→ **Data for analysis**
--------

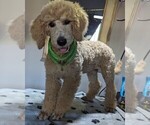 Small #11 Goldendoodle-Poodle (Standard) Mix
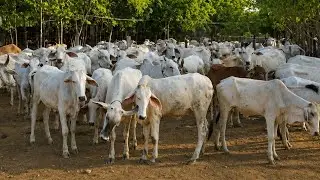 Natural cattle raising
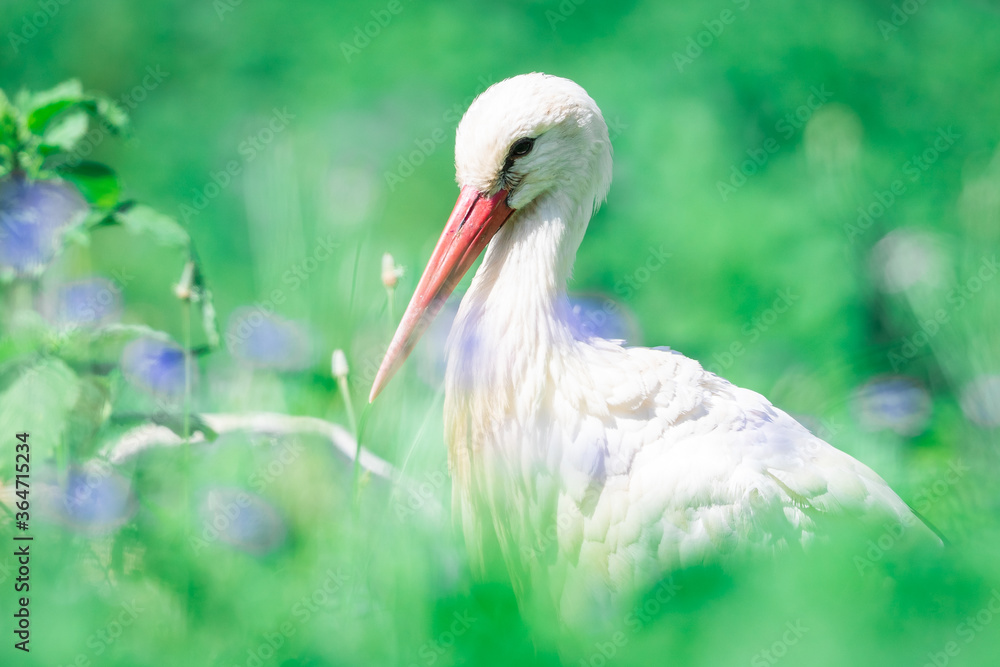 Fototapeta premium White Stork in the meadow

--------

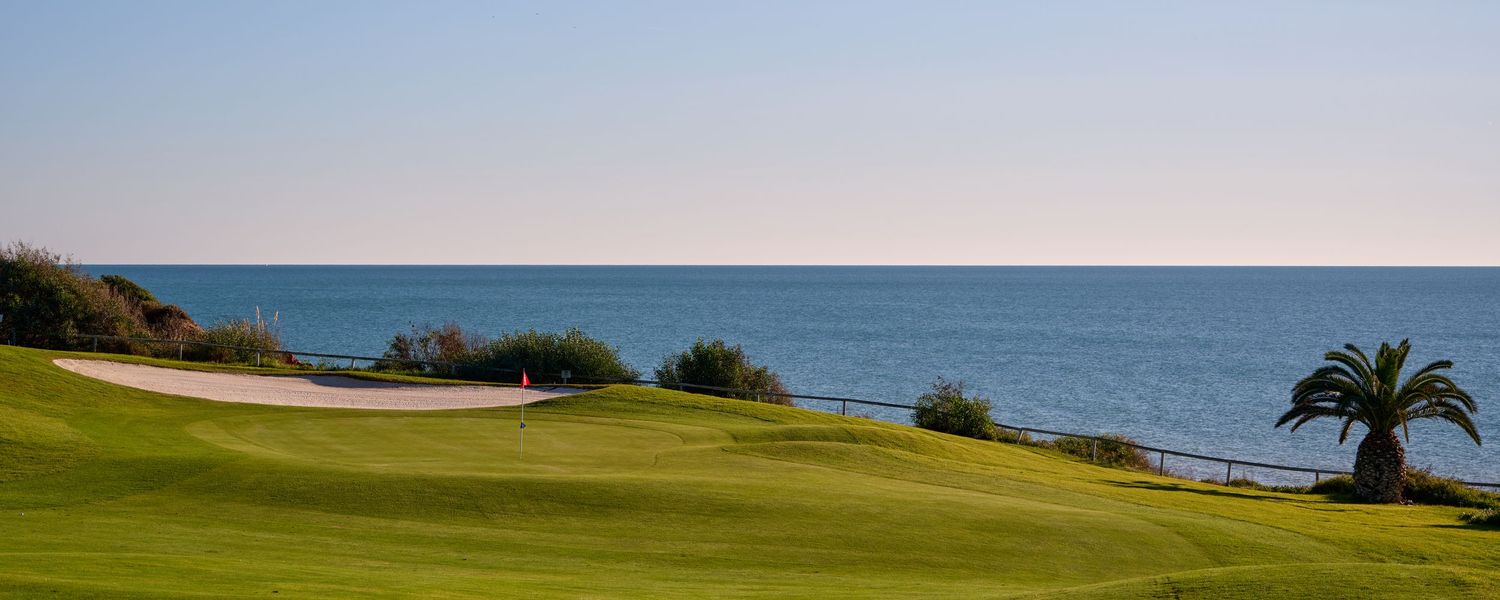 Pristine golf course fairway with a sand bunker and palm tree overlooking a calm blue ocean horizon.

--------

→ **Assigned task**
Give again, exactly as written above, every line from the one holding "Natural cattle raising" to the one holding "Fototapeta premium White Stork in the meadow", with both ends kept and the pictures left out.

→ **Response below**
 Natural cattle raising
 Fototapeta premium White Stork in the meadow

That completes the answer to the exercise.